After that, we create a instance of HtmlDiff which is used for generating difference in HTML format.
make_file method of HtmlDiff returns a string which contains HTML showing differences between the two files. Each line of files is shown side by side in form of a table.
The table headers for a.txt and b.txt is named Orginal and Modified.
Futhermore, you can notice in the output image below word America was removed and China was added, highlighted using red and green repectively.

difflib HtmlDiff delta output in a html file — HtmlDiff delta output in a HTML file

FAQs on Python difflib

How do you close a match in Python?

Python has a built-in module named difflib, which provides function get_close_matches. It returns a list of words closest to the target word.

What is difflib in Python?

The Difflib library of Python contains functions and classes used for computing the deltas of sequences or files.

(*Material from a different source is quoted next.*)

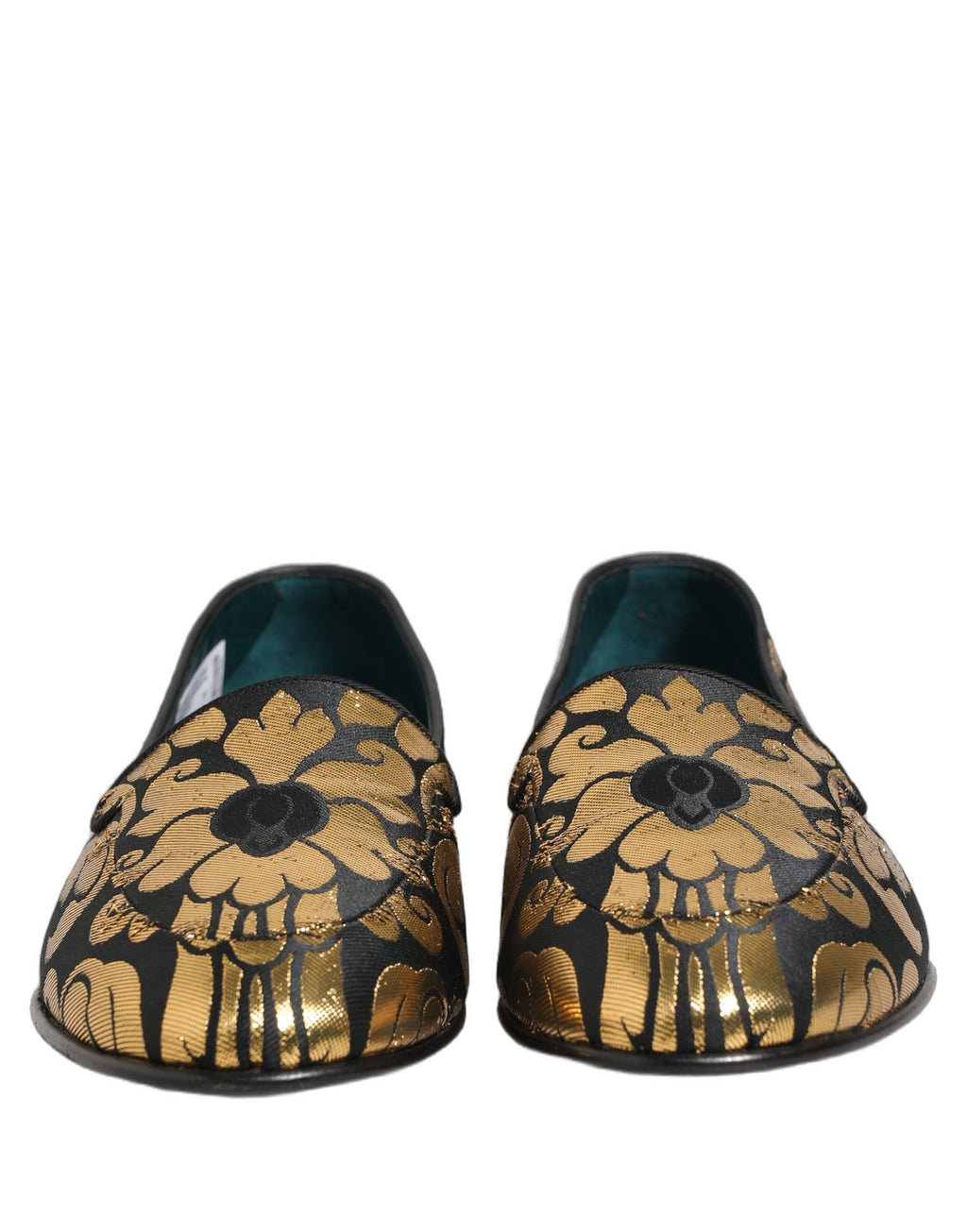 Dolce & Gabbana Black Gold Floral Jacquard Dress Loafers Shoes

How to ignore whitespaces in difflib?

To ignore whitespaces in difflib, you will need to create a function that removes whitespaces, for instance.
import re def remove_whitespace(line): return re.sub("\s+"," ",line.strip())
Then pass the strings and then compare using difflib.

Conclusion

In this article, we covered an exciting and valuable module named difflib. We also looked at its classes and functions through examples. For instance, we covered difflib’s differ, sequence matcher classes, and their functions. Other than that, we covered difflib’s methods, for example, HtmlDiff, ndiff, context_diff, unified_diff, and get_close_matches.